# Task statement:
I need an exact copy of the lines from the one containing "Handheld Vein Finder" through the end of the records, without any pictures.

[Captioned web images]
Segment Open
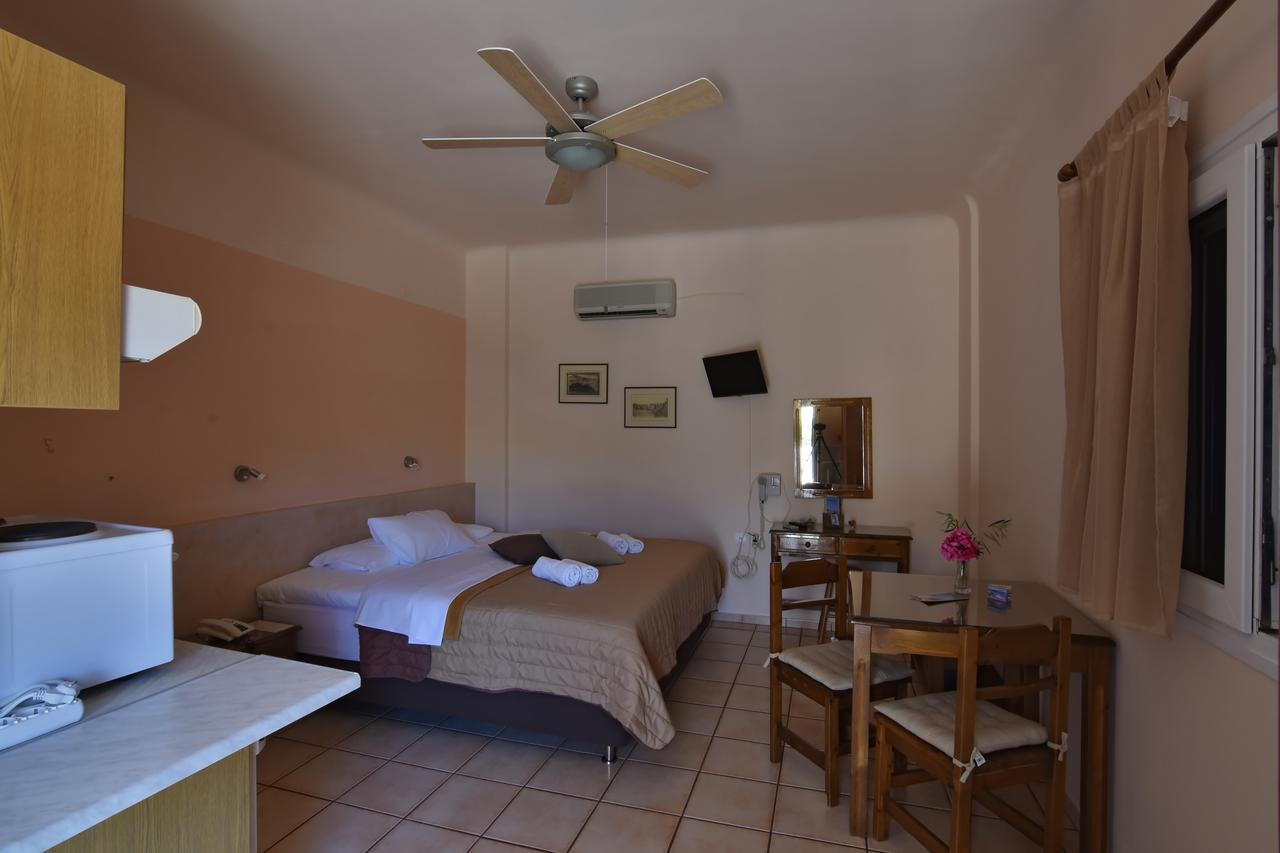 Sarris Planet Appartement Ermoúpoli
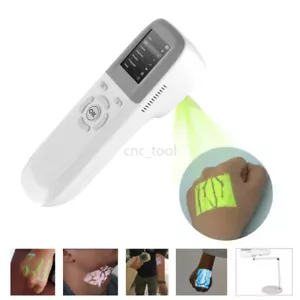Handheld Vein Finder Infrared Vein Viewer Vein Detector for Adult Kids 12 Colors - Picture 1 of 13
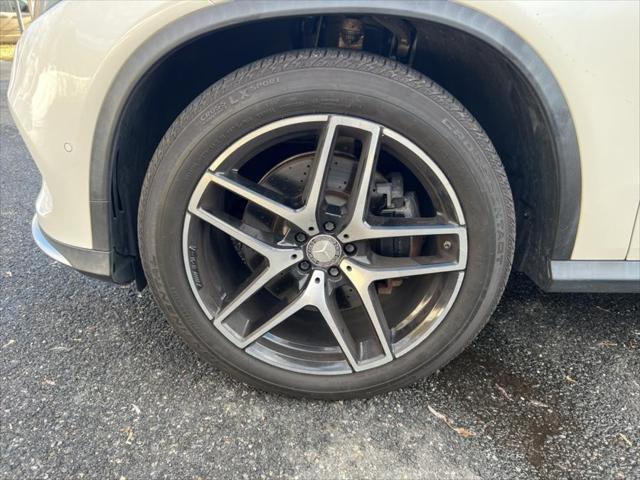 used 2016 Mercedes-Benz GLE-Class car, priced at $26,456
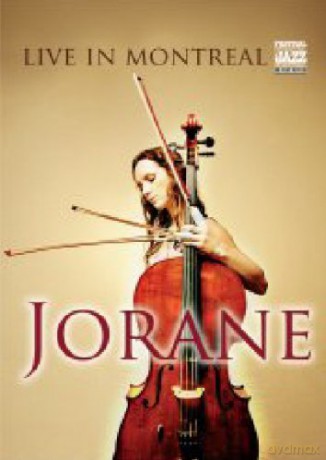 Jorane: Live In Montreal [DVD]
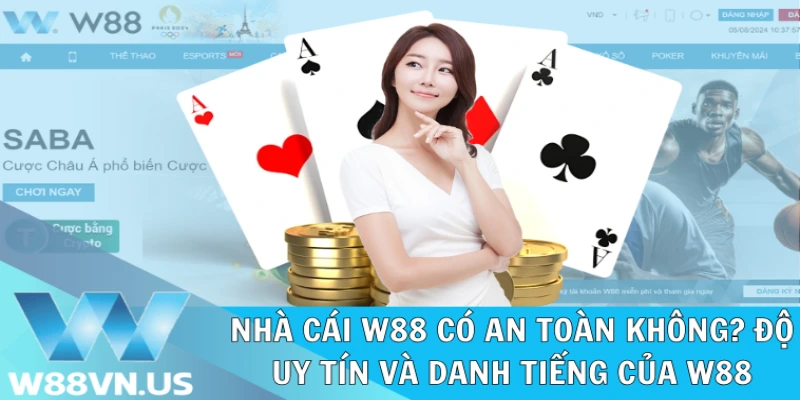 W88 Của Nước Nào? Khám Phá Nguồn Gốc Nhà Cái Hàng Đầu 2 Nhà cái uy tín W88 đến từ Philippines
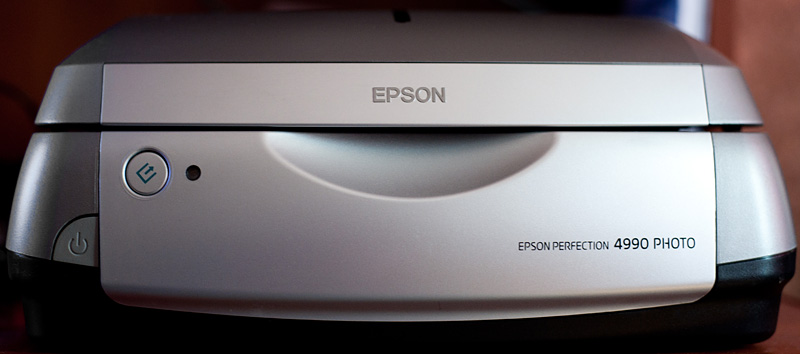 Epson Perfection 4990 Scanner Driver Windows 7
Segment Closed
# Exercise result:
Handheld Vein Finder Infrared Vein Viewer Vein Detector for Adult Kids 12 Colors - Picture 1 of 13
 used 2016 Mercedes-Benz GLE-Class car, priced at $26,456
 Jorane: Live In Montreal [DVD]
 W88 Của Nước Nào? Khám Phá Nguồn Gốc Nhà Cái Hàng Đầu 2 Nhà cái uy tín W88 đến từ Philippines
 Epson Perfection 4990 Scanner Driver Windows 7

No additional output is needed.